Chantal Friebertshäuser

ist seit März 2019 Vorsitzende der Geschäftsführung von MSD Sharp & Dohme in Deutschland. Sie ist seit 2007 in unterschiedlichen lokalen und globalen Funktionen für MSD tätig

Was ist aus Ihrer Sicht die größte Herausforderung für Ihre Branche und Ihr Unternehmen? Rechnen Sie etwa mit Angreifern aus anderen Branchen?

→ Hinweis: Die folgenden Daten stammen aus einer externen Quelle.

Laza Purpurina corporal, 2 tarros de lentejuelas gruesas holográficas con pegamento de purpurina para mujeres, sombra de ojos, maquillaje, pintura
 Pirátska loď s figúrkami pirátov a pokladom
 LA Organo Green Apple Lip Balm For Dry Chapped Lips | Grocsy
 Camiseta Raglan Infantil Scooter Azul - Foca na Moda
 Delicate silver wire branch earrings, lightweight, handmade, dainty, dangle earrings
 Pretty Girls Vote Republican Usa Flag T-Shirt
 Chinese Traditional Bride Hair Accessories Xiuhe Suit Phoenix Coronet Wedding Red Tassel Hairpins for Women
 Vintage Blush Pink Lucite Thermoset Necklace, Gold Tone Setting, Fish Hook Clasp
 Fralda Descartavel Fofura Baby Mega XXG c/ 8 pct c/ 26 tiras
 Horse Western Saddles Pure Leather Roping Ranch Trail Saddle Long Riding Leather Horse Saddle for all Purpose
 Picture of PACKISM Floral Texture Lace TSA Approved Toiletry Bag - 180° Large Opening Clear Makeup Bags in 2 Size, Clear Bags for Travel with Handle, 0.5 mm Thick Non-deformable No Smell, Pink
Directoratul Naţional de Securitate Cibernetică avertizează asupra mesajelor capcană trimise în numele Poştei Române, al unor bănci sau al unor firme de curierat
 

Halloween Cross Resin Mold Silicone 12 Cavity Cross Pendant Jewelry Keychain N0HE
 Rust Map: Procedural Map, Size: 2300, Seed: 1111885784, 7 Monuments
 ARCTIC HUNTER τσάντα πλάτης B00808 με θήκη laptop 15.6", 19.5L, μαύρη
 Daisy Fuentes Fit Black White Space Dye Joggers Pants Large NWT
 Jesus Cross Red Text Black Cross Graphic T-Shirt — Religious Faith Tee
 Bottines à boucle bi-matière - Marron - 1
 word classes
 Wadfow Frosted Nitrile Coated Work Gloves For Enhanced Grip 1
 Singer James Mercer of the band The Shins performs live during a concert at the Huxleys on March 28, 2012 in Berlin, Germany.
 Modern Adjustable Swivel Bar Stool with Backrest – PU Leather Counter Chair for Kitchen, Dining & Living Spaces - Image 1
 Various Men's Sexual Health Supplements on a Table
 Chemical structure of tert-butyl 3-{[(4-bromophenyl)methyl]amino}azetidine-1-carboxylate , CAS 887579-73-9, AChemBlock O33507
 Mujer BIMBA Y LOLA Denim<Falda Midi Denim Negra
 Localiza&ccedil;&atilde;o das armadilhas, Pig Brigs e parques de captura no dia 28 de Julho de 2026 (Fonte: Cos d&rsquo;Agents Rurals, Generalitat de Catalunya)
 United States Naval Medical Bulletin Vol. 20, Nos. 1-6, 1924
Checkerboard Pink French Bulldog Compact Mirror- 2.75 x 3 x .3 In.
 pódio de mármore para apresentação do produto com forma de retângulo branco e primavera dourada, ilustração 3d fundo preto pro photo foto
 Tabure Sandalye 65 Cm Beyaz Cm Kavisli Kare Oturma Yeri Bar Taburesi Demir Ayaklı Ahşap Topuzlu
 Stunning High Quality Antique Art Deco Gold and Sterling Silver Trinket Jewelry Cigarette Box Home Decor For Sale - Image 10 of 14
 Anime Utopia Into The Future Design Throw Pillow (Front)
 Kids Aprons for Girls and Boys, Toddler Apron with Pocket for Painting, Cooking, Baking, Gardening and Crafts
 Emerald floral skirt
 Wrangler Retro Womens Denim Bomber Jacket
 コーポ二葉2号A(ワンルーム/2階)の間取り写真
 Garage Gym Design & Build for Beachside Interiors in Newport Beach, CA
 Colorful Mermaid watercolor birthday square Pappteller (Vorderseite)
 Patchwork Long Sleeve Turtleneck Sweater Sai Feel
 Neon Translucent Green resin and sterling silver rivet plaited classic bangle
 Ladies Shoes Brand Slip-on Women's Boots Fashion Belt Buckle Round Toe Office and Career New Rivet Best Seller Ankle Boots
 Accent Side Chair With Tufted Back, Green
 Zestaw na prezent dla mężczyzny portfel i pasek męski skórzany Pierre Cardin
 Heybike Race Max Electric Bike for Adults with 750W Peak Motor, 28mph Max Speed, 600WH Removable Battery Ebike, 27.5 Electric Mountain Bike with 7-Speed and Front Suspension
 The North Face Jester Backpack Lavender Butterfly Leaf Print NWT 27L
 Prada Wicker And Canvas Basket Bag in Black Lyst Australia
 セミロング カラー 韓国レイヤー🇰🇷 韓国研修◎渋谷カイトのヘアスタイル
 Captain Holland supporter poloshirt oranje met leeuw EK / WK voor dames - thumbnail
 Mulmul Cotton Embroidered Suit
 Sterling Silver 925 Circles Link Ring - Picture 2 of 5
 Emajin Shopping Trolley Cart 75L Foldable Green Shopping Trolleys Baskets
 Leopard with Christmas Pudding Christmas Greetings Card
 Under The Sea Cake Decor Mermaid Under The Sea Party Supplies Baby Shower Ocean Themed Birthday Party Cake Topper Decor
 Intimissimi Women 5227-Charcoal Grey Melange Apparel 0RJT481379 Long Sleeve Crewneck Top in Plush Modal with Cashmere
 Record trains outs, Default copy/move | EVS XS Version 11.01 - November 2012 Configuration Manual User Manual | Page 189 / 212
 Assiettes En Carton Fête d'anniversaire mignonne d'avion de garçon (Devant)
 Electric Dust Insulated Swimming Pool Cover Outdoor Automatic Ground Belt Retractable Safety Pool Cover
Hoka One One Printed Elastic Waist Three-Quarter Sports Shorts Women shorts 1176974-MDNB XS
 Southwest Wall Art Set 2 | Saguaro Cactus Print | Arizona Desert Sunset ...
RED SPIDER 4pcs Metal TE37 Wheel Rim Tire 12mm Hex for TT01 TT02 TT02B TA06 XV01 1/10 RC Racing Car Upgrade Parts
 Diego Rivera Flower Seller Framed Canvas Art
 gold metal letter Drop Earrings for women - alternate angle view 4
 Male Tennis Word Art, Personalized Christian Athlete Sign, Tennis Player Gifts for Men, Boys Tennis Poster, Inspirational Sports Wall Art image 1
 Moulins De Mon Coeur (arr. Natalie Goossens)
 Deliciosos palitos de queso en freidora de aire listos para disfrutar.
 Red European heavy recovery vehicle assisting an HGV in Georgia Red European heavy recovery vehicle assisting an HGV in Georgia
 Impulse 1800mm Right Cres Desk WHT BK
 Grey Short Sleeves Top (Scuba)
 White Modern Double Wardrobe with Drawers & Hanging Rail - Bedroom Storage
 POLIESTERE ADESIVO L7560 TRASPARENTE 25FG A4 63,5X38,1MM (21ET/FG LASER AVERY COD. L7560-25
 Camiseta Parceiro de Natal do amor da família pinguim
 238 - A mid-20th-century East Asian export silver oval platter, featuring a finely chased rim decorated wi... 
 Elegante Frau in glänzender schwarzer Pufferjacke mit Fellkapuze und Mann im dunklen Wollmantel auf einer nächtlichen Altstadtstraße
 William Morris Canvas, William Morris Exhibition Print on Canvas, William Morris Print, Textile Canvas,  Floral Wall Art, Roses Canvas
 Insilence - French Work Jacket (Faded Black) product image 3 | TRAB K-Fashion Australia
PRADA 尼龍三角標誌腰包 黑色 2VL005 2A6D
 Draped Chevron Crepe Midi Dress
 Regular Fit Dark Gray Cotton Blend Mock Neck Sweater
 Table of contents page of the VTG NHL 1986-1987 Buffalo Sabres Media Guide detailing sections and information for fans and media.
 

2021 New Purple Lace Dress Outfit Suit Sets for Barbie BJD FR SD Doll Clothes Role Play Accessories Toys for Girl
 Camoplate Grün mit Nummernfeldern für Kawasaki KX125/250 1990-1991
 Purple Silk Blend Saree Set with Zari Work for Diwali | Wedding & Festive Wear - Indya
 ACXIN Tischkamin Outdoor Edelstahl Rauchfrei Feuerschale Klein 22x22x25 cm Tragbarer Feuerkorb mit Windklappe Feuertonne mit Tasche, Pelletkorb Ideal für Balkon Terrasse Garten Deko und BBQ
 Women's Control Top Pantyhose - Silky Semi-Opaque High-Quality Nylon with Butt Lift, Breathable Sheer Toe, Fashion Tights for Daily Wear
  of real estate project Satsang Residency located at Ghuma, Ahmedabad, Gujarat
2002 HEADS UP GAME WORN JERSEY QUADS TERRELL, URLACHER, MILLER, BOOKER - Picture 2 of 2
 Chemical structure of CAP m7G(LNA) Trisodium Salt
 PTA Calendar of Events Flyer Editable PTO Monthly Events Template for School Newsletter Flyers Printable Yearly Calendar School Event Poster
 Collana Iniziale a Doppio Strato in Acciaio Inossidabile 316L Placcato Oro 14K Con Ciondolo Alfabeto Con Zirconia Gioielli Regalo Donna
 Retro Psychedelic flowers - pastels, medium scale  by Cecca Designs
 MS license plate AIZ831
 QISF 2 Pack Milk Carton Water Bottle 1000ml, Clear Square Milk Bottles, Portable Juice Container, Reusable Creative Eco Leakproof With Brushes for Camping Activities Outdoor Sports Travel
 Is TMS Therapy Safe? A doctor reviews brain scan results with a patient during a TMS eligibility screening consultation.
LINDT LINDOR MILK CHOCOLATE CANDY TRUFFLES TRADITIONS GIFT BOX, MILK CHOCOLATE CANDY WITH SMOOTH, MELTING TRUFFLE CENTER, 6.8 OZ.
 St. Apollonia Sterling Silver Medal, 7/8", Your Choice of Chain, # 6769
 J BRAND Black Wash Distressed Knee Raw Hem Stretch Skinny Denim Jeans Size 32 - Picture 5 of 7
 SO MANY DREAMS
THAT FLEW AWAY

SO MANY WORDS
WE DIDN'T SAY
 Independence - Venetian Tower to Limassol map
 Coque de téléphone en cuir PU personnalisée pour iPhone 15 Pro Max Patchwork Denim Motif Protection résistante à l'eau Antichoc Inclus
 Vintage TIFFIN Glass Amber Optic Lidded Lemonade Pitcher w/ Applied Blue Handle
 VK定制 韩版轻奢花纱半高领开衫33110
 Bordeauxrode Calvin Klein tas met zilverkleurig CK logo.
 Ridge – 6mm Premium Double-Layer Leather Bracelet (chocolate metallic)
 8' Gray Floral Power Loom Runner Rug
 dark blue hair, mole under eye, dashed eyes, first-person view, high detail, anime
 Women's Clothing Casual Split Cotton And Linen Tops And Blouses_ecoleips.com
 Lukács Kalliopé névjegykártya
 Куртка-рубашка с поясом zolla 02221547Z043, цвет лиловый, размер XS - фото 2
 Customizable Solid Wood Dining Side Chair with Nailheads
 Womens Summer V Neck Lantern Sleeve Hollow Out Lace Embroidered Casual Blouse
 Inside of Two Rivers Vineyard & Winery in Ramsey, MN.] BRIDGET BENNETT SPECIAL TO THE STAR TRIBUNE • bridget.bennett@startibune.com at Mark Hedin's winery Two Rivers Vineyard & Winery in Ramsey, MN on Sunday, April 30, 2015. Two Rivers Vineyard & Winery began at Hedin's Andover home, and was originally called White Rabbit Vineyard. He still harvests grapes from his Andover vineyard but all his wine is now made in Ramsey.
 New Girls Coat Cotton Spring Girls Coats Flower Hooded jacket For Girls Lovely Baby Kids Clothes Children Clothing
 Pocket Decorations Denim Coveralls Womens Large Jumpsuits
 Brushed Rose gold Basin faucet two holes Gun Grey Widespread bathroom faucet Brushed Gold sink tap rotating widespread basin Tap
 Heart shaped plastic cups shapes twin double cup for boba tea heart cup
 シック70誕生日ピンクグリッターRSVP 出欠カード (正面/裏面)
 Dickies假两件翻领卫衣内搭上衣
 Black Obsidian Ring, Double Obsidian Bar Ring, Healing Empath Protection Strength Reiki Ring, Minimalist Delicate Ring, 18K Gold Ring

Chantal Friebertshäuser: Die forschenden Pharmaunternehmen haben in den vergangenen Jahren maßgeblich zur Verbesserung und Verlängerung von Menschenleben beigetragen. Es besteht die Chance, dass wir in den nächsten Jahren weitere Sprünge sehen werden – dank neuer Technologien, intensiver Forschung und Digitalisierung. Genau die brauchen wir auch vor dem Hintergrund einer älter werdenden Bevölkerung und der Tatsache, dass es noch immer für einen großen Teil der Erkrankungen keine passgenaue Therapie gibt, um nur ein paar Aspekte zu nennen. Und wir stehen noch vor einer weiteren Herausforderung: Unser Gesundheitssystem ist komplett fragmentiert. An keinem Punkt werden Investitionen, Kosten und Nutzen zusammen betrachtet, sondern immer getrennt. Auch die unterschiedlichen Akteure wie Politik, akademische und private Forschung und Krankenkassen arbeiten viel zu häufig immer noch neben- und nicht miteinander. Wenn wir es nicht schaffen, dies grundsätzlich zu ändern, werden wir nur begrenzt von den Fortschritten profitieren können. Die größte Chance ist die Zusammenarbeit an definierten, gemeinsamen Zielen, wie es sie zum Beispiel bei der Initiative „Vision Zero“ gibt. Hier arbeiten Wissenschaft, Forschung, Verbände und Industrie daran, die Zahl der vermeidbaren krebsbedingten Todesfälle gegen Null zu bringen. Daneben brauchen wir gemeinsame Spielregel bezüglich des Zugangs und Nutzens von Daten und Digitalisierung zur Erreichung gemeinsamer Gesundheitsziele.

Welche Projekte für mehr Digitalisierung haben Sie in Ihrem Unternehmen umgesetzt?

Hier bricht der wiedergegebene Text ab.